Rina Banerjee media preview: Courtesy of Frist Art Museum. Photo by Emily Beard.

Webamp recently had the opportunity to speak with Mark Scala, chief curator for the Frist Art Museum in Nashville, Tennessee. 

Before becoming a curator, Mark Scala shares he started out as a painter back in the 80’s. 

His first job out of graduate school was to run a university art gallery in conjunction with teaching painting classes. Scala recalls that he found he enjoyed running the gallery more than he liked teaching. Thus, he decided to go back to school to get a degree in art history with a museum studies emphasis so he could focus on curation. He has been a curator ever since. Scala shares,

“For me, having been trained as an artist is beneficial because I do a lot of studio visits where I meet with artists and talk to them. It helps give me the insight into their practice that comes with anyone who has tried to create things. You know where the frustrations lie. You know where the desires lie. And where the successes come.”  

Scala emphasizes that he loves working with artists who genuinely get to know subjects such as sociology, politics, physics, and so on through research or collaboration with specialists in those fields. He enjoys seeing how artists can sometimes find the real grist for their mill in disciplines outside of art. Scala remarks, 

“Art is a social practice. Art is an engagement with the world.”

Leadership & Exhibitions

Mark Scala unpacked what it means to be a leader when organizing an exhibition by sharing his creative process for the 2018 thematic exhibition Chaos and Awe: Painting for the 21st Century.
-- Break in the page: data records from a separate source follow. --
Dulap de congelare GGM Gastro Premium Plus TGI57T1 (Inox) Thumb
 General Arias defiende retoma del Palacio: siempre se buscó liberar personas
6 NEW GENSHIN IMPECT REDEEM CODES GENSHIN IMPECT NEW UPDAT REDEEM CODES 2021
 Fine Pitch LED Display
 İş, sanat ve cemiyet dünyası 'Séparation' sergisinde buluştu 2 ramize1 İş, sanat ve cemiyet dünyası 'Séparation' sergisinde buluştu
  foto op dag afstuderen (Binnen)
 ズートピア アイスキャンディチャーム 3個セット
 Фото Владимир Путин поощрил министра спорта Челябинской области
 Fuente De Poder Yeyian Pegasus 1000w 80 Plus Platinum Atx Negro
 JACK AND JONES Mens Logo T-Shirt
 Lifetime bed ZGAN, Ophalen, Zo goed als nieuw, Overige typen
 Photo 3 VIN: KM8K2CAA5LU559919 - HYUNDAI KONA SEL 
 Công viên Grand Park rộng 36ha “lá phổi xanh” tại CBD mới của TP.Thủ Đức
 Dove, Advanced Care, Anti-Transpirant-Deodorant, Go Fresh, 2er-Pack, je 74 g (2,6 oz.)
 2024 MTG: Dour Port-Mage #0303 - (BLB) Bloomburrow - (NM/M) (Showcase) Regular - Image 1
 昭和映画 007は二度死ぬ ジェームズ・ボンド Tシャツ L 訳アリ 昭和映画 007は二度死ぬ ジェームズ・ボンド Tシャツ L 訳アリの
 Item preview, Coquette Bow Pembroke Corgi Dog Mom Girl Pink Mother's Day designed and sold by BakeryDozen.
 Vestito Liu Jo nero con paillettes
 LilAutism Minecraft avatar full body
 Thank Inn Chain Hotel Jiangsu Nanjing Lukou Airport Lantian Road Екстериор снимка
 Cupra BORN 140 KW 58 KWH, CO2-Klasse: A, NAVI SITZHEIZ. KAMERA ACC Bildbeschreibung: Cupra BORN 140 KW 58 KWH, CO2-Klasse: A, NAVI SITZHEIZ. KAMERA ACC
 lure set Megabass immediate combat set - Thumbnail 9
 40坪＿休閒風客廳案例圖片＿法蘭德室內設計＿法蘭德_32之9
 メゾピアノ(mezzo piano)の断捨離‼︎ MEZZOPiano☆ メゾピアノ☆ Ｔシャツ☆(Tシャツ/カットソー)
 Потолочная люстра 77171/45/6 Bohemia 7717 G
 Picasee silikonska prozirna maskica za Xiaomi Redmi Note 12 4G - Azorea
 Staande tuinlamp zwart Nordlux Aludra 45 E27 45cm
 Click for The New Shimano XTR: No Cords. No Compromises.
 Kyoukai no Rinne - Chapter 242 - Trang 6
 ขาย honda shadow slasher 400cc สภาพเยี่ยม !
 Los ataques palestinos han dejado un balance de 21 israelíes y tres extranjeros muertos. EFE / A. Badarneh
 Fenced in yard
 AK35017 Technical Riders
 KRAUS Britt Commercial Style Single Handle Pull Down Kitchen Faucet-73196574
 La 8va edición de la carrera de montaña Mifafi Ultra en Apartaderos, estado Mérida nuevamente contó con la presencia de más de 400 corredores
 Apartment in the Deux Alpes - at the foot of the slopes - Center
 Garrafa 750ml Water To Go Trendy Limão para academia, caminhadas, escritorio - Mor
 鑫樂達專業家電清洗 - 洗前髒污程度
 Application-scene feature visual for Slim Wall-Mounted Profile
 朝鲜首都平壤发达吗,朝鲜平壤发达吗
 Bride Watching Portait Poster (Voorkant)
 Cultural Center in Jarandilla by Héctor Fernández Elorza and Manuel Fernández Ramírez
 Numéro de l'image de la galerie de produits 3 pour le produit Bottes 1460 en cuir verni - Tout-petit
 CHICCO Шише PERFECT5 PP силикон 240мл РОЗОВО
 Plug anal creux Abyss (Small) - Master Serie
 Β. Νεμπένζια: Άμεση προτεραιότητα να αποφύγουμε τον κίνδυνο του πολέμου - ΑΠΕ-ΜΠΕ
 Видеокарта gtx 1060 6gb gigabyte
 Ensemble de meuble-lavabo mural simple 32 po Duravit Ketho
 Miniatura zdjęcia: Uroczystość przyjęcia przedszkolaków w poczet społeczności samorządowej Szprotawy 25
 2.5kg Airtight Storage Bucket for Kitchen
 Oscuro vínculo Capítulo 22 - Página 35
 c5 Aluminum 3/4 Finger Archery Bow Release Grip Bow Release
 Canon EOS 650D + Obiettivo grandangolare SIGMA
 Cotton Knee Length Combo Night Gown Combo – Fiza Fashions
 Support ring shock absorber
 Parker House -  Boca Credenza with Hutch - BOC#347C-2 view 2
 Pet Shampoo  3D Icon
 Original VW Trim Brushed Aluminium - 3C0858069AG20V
In this exhibition, Scala brought together the works of painters from around the world to communicate how painting is a poignant medium for communicating contemporary conceptions of the sublime. Scala recalls,

“I had this notion that painting is a really apt medium for conveying the sense of fragmentation and disequilibrium that people seem to be feeling all over the place. Painting has done that for a really long time, and it is still really good at it even though painting is an archaic medium compared to film or augmented reality. For me, there is a paradox there. That is, the oldest way of making art is also a way that conveys the most recent feelings of the social imaginary.”

That, to Scala, is an interesting phenomenon he thought would interest both the art lover and casual viewer because we are all feeling the same things. We are all feeling that things are falling apart. Scala explains if an artist is addressing issues of disillusion and fragmentation, then when she makes them into a painting she is reconfiguring them. The artist is postulating the capacity of the world to be reconfigured. That, for Scala, is a really interesting thing. He wanted it to be a global exhibition, not just an American or European one in order to convey that these feelings are universally affecting everyone in similar but different ways. Thus, Scala organized an exhibition embodying this notion of a fluid language through art.  

Chaos and Awe media preview: Courtesy of Frist Art Museum. Photo by Ramona Whitworth.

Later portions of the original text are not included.